● **Task to carry out**
Beginning with the line that holds "Light Wash Jogger Jeans" and ending with the last line of the entries, please output each line exactly, apart from any pictures.

━━━━━ Input material

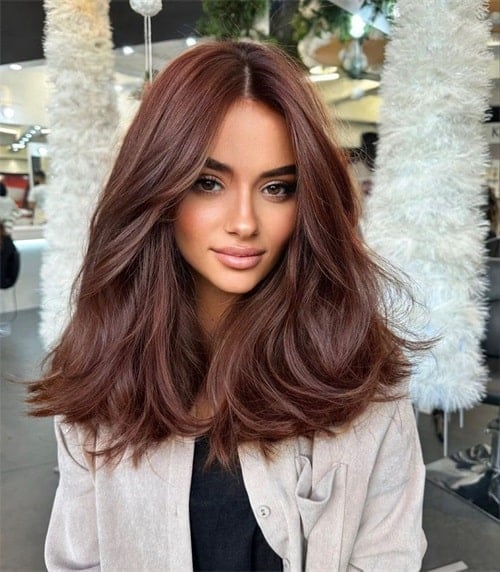 Is chestnut hair color hard to maintain?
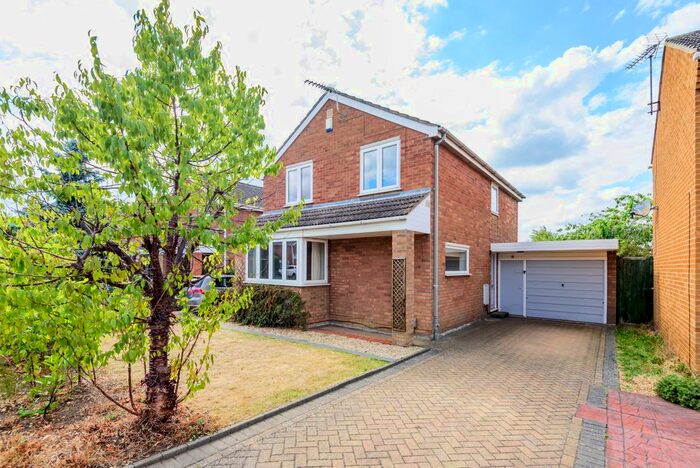 4 Bedroom Detached House To Rent In Kingfisher Court, Twyford, Reading, Berkshire, RG10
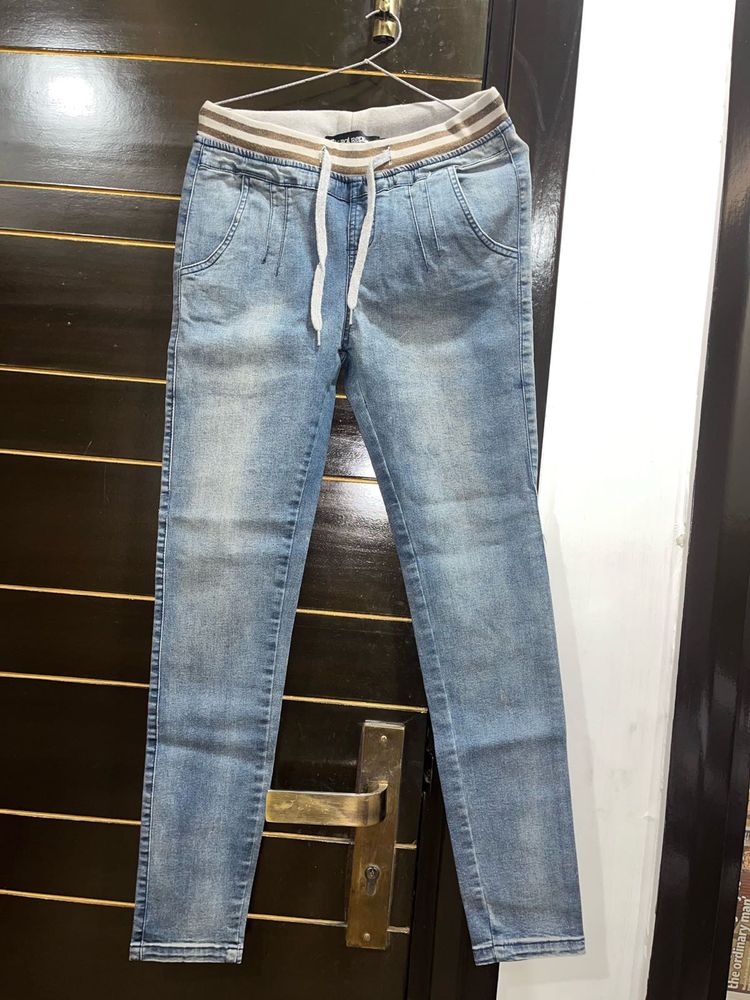 Light Wash Jogger Jeans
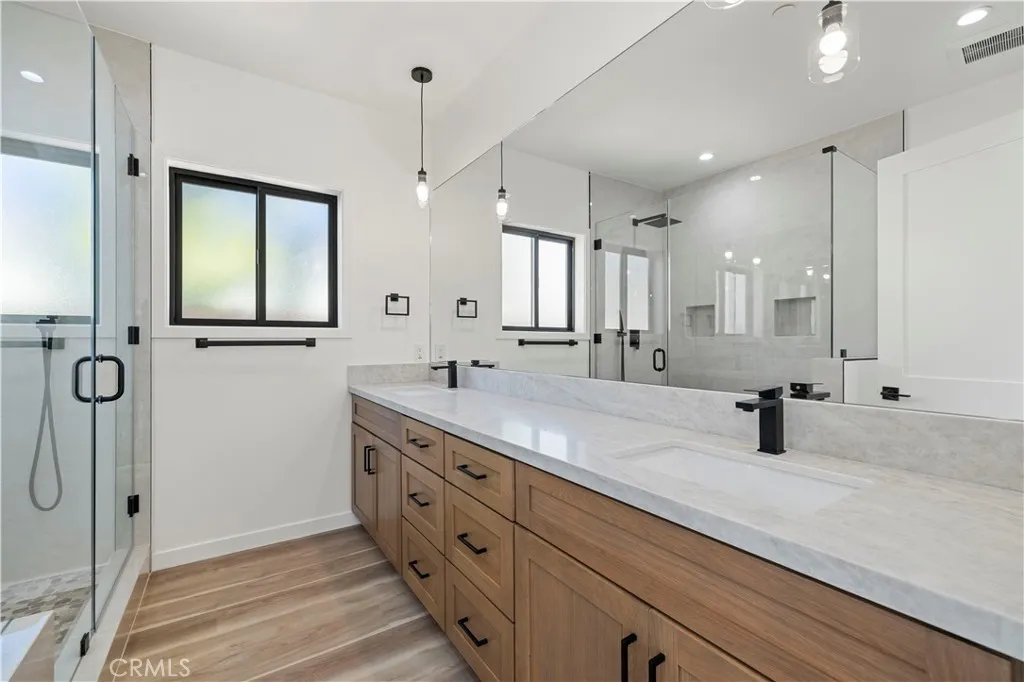 4208 New York Ave, La Crescenta, California 91214 home-pic-21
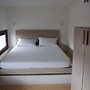 Luxar Room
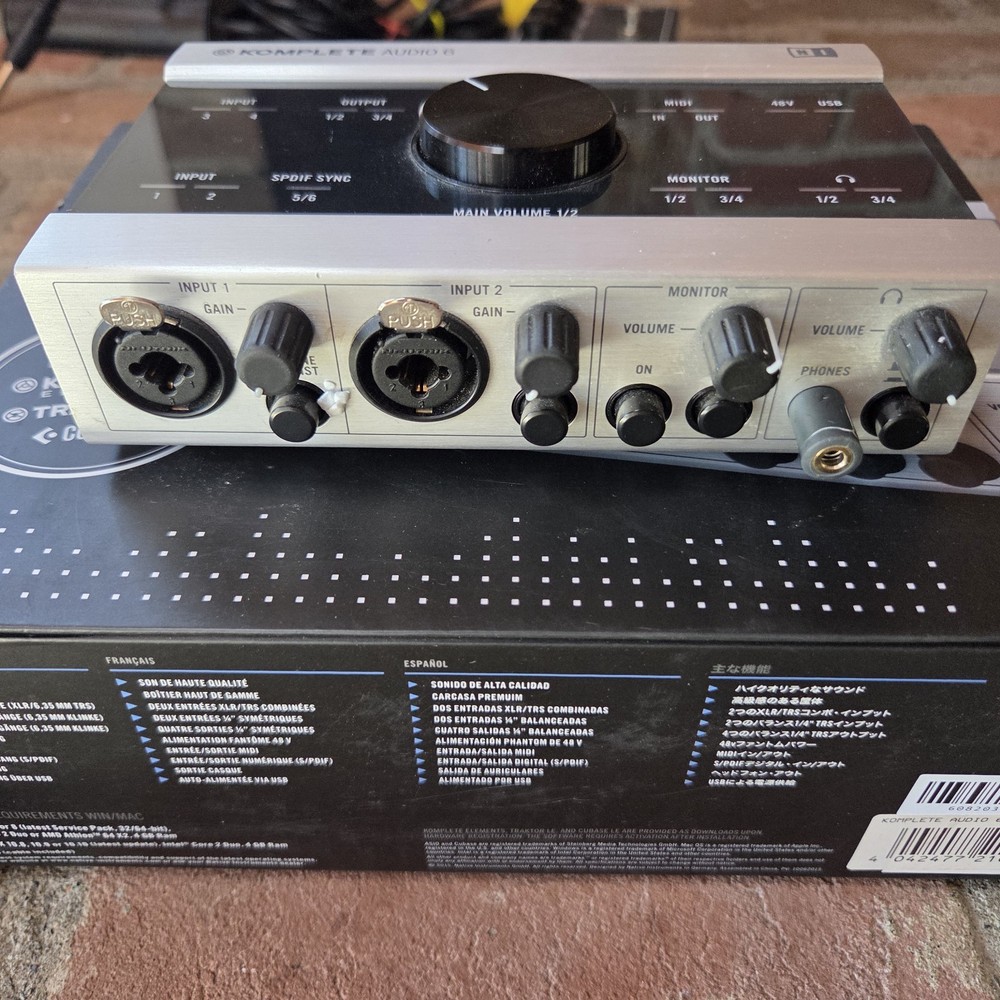 Native Instruments Komplete Audio 6 USB Audio Interface w/ Box Manual Tested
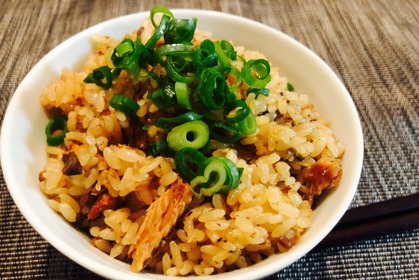 【レシピ】炊飯器に入れるだけ！缶詰めでお手軽「さんまの炊き込みごはん」 画像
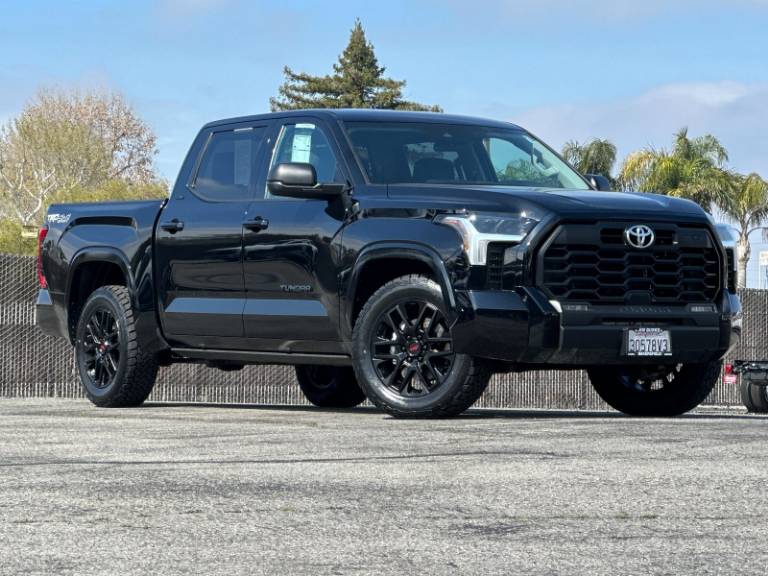 2023 Toyota Tundra 4WD SR5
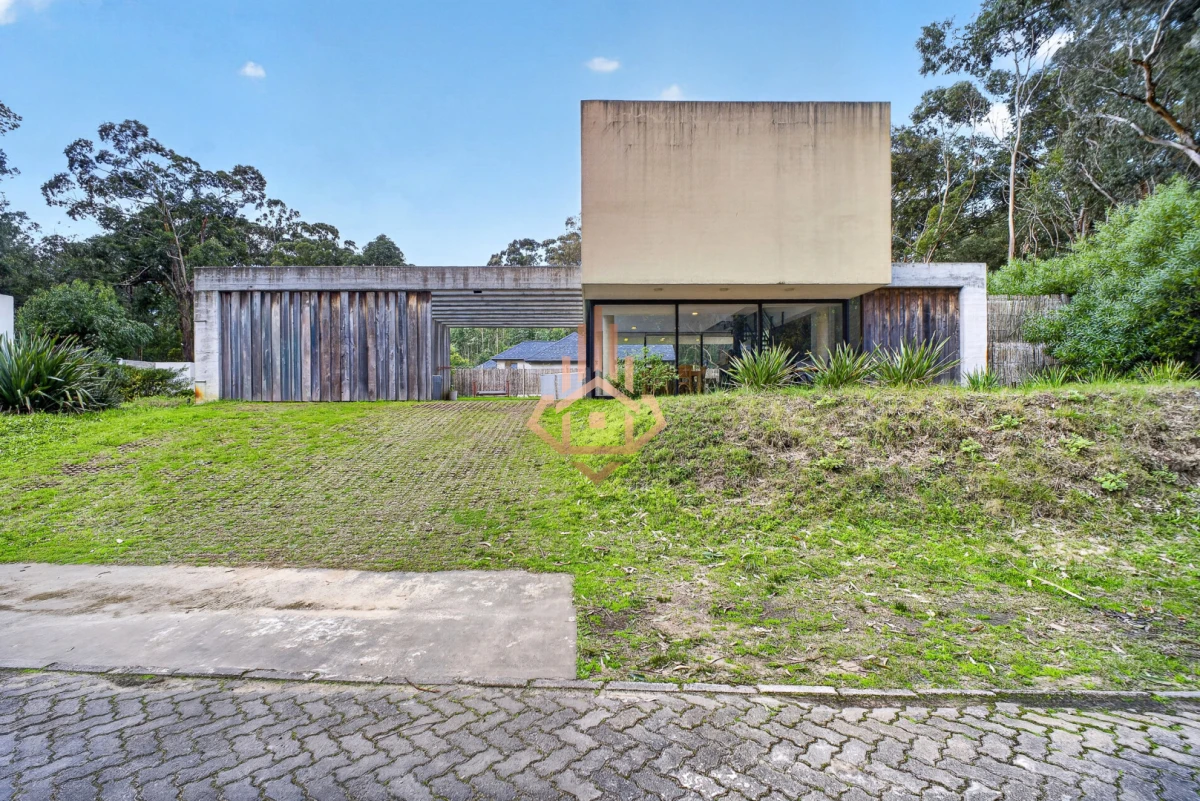 Hermosa Casa en Barrio Exclusivo Privado Solanas - Foto 1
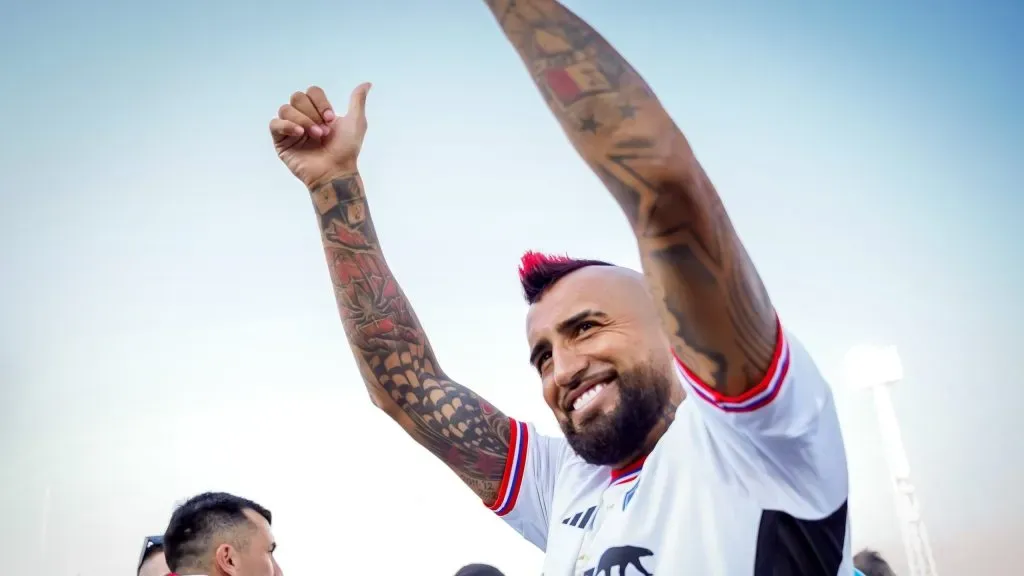 Arturo Vidal con la camiseta de Colo Colo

━━━━━━━━━━

● **Your response**
 Light Wash Jogger Jeans
 4208 New York Ave, La Crescenta, California 91214 home-pic-21
 Luxar Room
 Native Instruments Komplete Audio 6 USB Audio Interface w/ Box Manual Tested
 【レシピ】炊飯器に入れるだけ！缶詰めでお手軽「さんまの炊き込みごはん」 画像
 2023 Toyota Tundra 4WD SR5
 Hermosa Casa en Barrio Exclusivo Privado Solanas - Foto 1
 Arturo Vidal con la camiseta de Colo Colo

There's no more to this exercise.